Pure design by committee tends to come up with some very, very watered down results.
However, we should certainly make sure to be nice and polite to each other, and work constructively with each other.
I'm going to wait on designing the raid on the fishing town till the fishing town has a solid layout and a map or whatnot. I've definitely got some ideas mulling about. Some bandit archers up on a vantage point over-looking the town while the main bandit force go in for a ransom. I think I want the bandit leader to be mounted on something, I'll have to look up the rules for mounts.
I think a key part of the encounter will be having the bandits not know that the players are in the city, giving the players a chance to be sneaky and ambush the ambushing bandits.
So Inquisitor, lets collaborate on the village a bit. You can give me some sketchy encounter ideas and i will create the victims. Its tricky for the village because most NPC interaction will be part of an encounter with bandits.
I am assuming that the encounter creator (Inquisitor) will be making the bad guys, I will focus on people who won't be getting killed by the PCs.
I don't want to tread on your role too much but here are a couple ideas for your consideration. I am assuming the bandits actually attack the village, otherwise this will be allot easier for me ;-)
The village
Rescue: a young woman holding a few bandits at bay with a quarterstaff.
Rescue, a couple of young children hiding(by the pier?) from bandits
Rescue: A woman is separeted from her family (bandits at the house) and pleads for help after seeing how badass the PC's are.
Reinforcements: If the PC's get in trouble, some villagers (inspired by the heroes) might step in to help with their slings?
aftermath: Thankful villagers, fresh fish, next steps.
aftermath: discussion with the Wise woman, she can heal the characters, help them if they are stuck with clues, maybe offer to help them in the future. She could help move the story along if the PC's miss a history check or some such.

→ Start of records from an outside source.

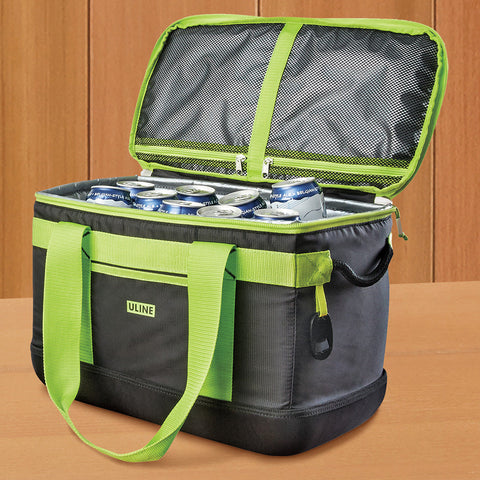 Uline Lunch Box - Black/Gray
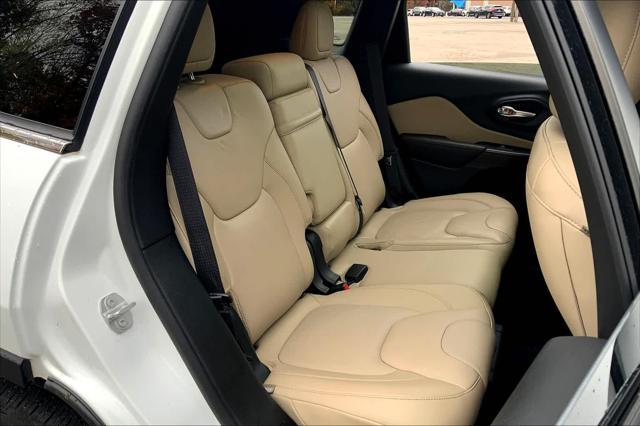 used 2017 Jeep Cherokee car, priced at $13,712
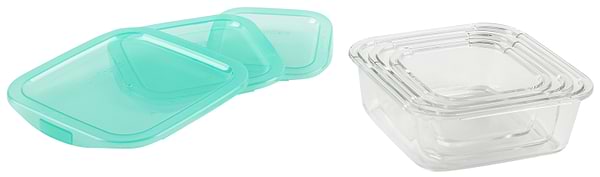 Фото - Набор емкостей для хранения Luminarc Keep'n'box (P5274)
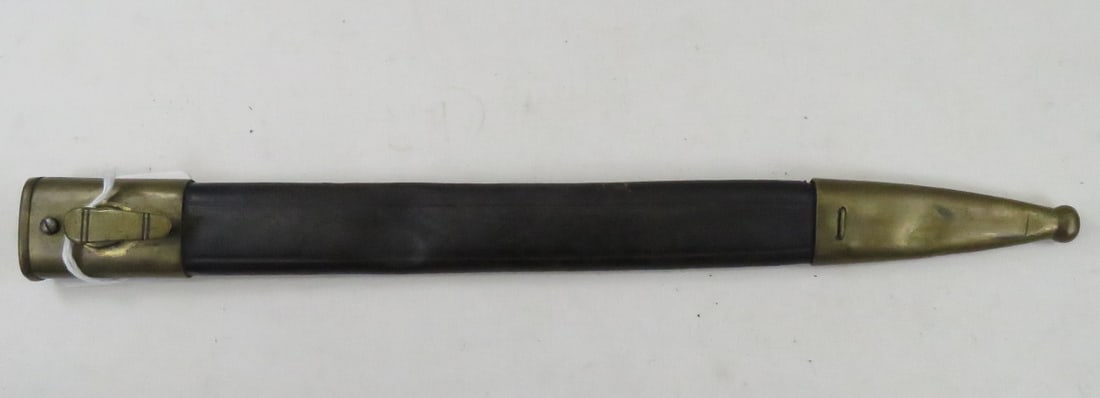 WWII German Knife/Bayonet Scabbard, Unmarked (1 of 6)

Gimme a sec to figure out what the enemy party is going to be made of, how many and what classes etc. Then I think we can apply that to some more concrete scenarios.
Fillet knives and harpoons.
Any fight scene near water is improved by spear guns.
What would do you guys think would be a good minion to convert into bandits for this encounter. Goblin cutters, perhaps?
You could use the Human Rabble, Human Bandits, and Halfling slingers. All look to be fairly suited for low-level banditry.
The rabble seem a little disorganized in my mind for the bandits running this mining operation, the other two are solid choices, and halfling stouts might make a decent choice for the minions in the encounter actually.
I'm trying to give the bandits a good racial mix to keep things interesting.
Human Guard, level 3 solider, 150 exp. - Bandit Leader, the head honcho.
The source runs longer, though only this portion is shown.